Exactly and only the lines from the one with "Beeldmateriaal Windturbines Uitzicht" through the last line of the records need to be set down; please skip the pictures.
━━━━━━━━
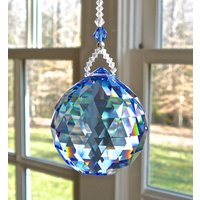 "Großer 40 Mm Glaskugel Sonnenfänger Mit Swarovski Kristallen, Fenster Dekoration, Regenbogen Maker - "Simplicity Grande" von HeartstringsByMorgan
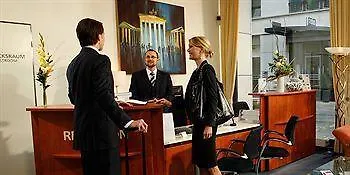 Residenz Am Deutschen Theater 3*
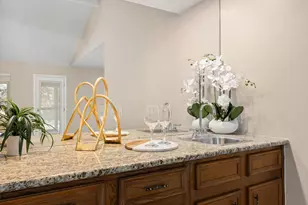 10915 Thicket Trail, Austin, TX 78750 - Photo 11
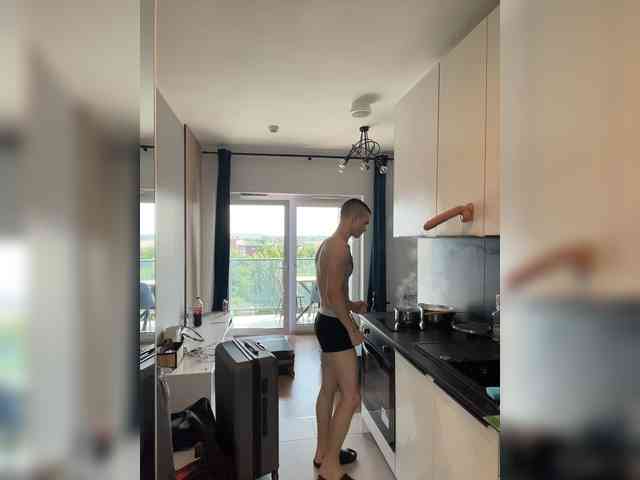 AAOneLove webcam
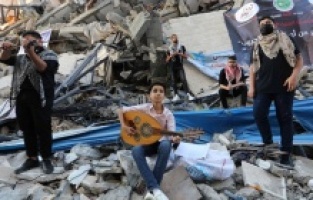 Palestinski muzičari napravili koncert na ruševinama: Naši snovi su preveliki da bi ih ratovi ugasili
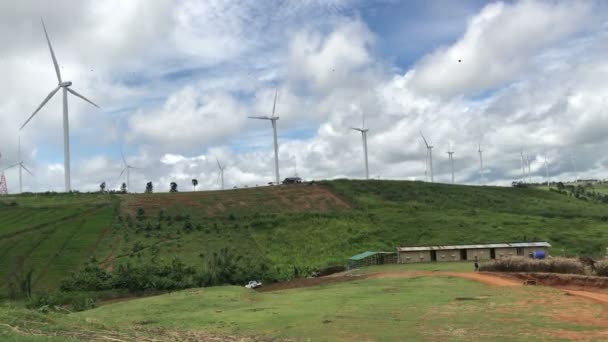 Beeldmateriaal Windturbines Uitzicht Bergen Hernieuwbare Elektrische Ecologie Schone Bron Video — Stockvideo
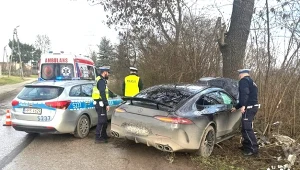 Mężczyzna uciekał przed policją. Rozbił swojego Mercedesa na drzewie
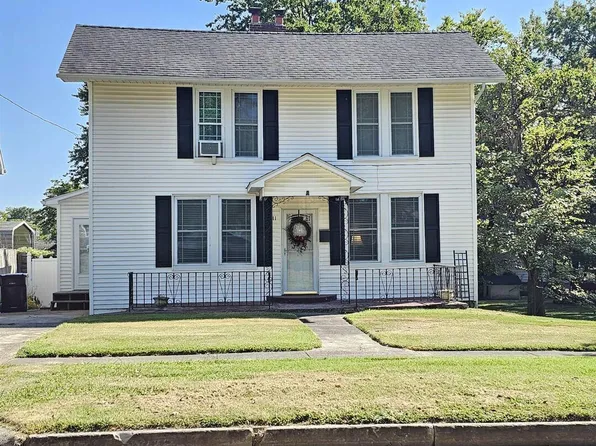 11 W Lincoln St, Harrisburg, IL 62946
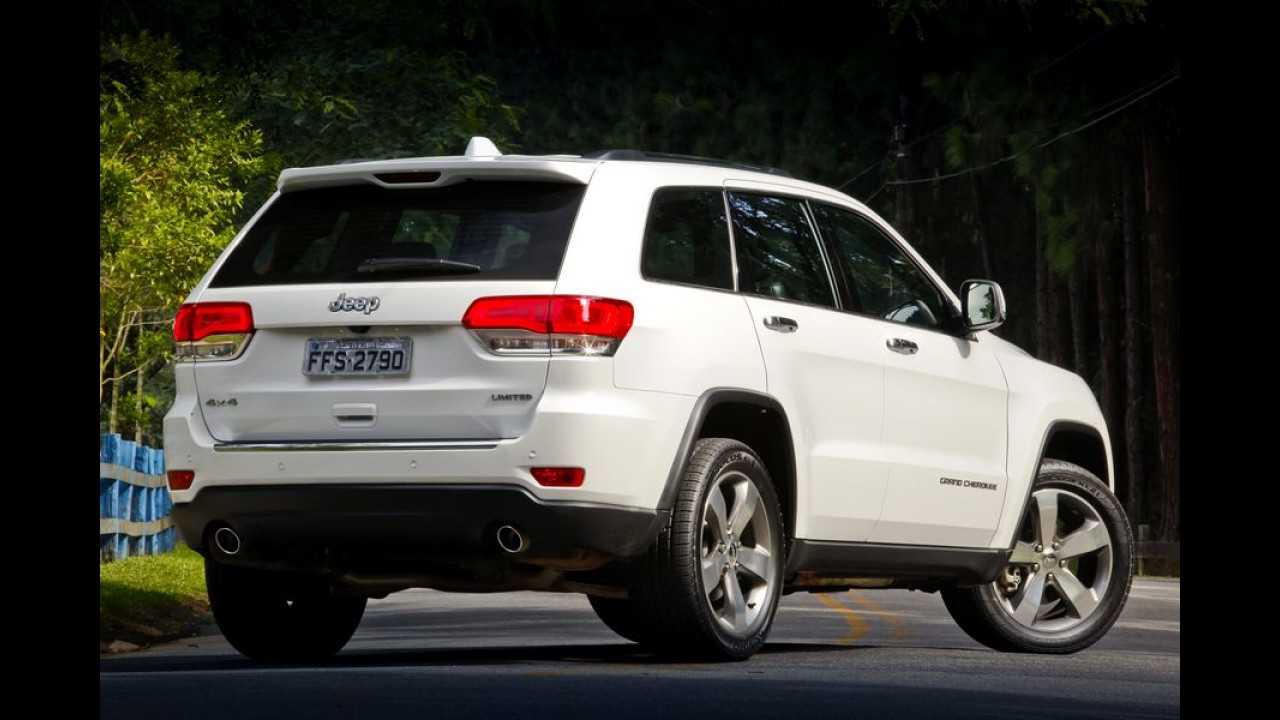 Recall: Grand Cherokee e Chrysler 300C são chamados por problema no câmbio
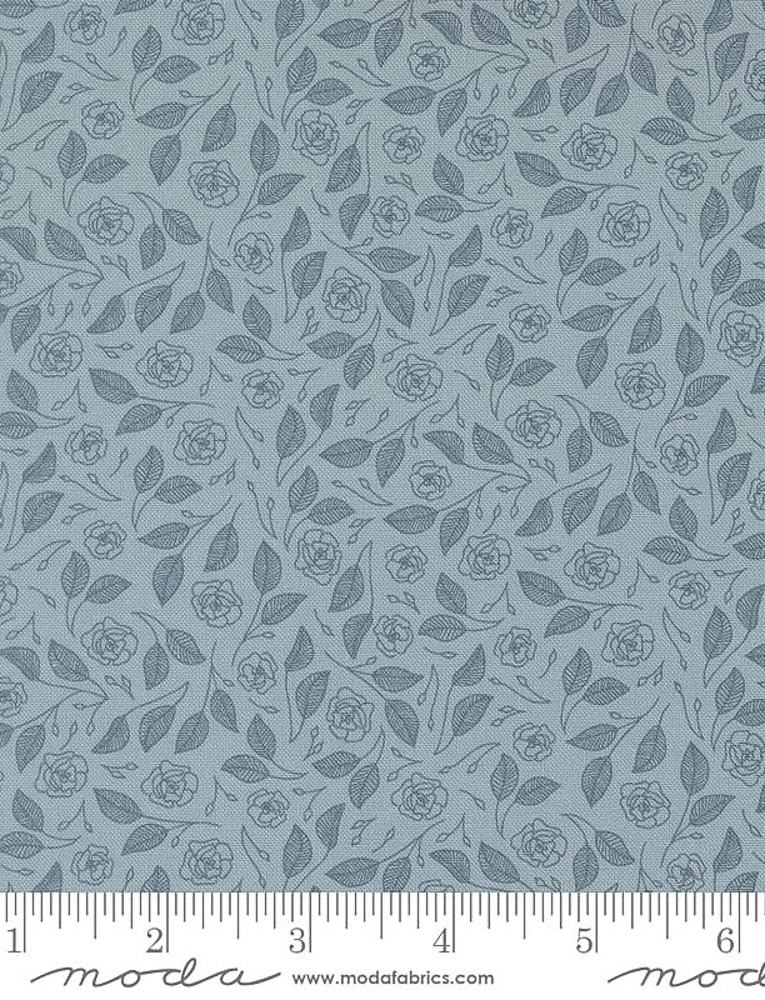 tapestry-in-wind-petalush-by-kiley's-quilt-room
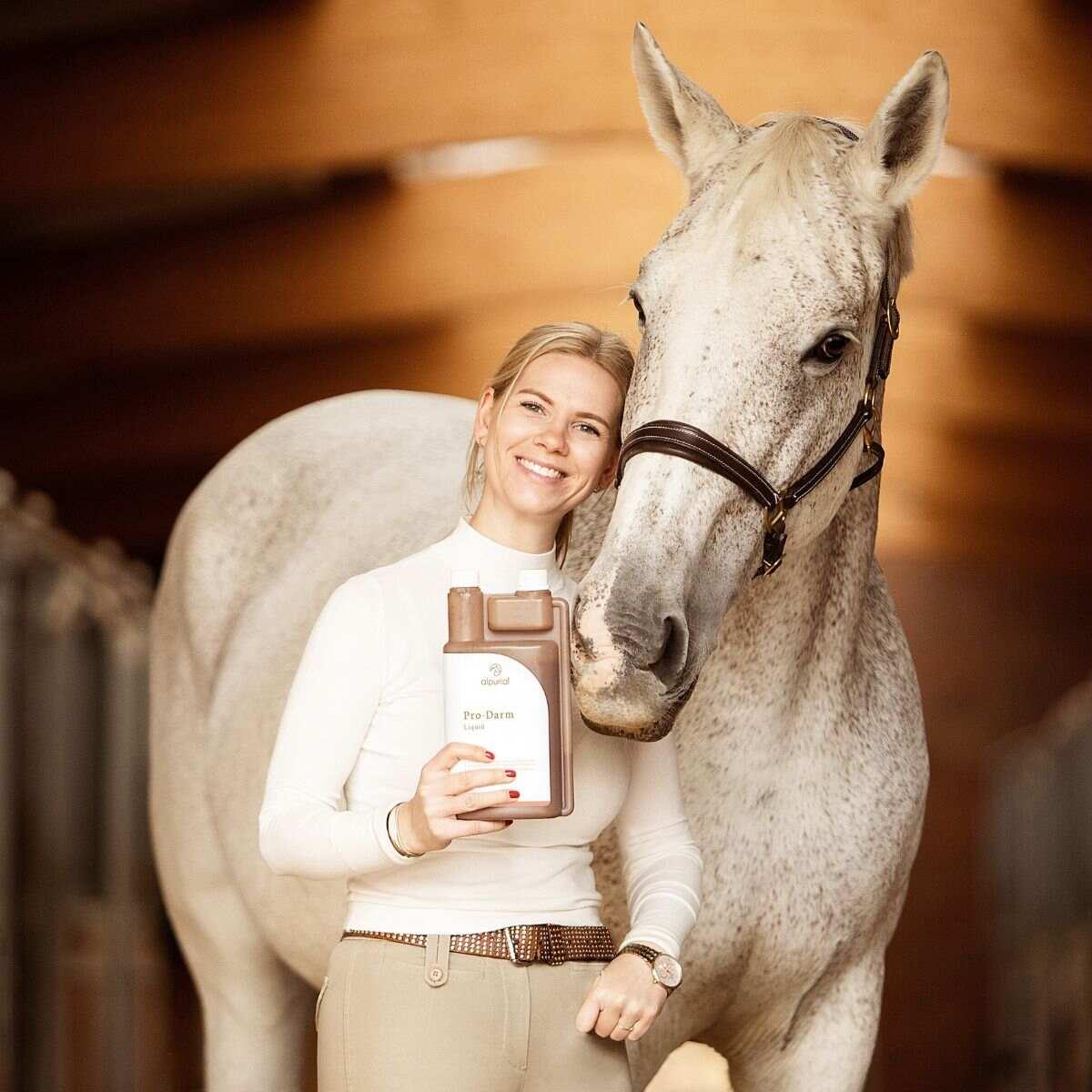 Pro Darm flüssiges Pferdefutter zur Darmunterstützung Anwendung am Pferd Alpurial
━━━━━━━━
Result of this exercise.
 Beeldmateriaal Windturbines Uitzicht Bergen Hernieuwbare Elektrische Ecologie Schone Bron Video — Stockvideo
 Mężczyzna uciekał przed policją. Rozbił swojego Mercedesa na drzewie
 11 W Lincoln St, Harrisburg, IL 62946
 Recall: Grand Cherokee e Chrysler 300C são chamados por problema no câmbio
 tapestry-in-wind-petalush-by-kiley's-quilt-room
 Pro Darm flüssiges Pferdefutter zur Darmunterstützung Anwendung am Pferd Alpurial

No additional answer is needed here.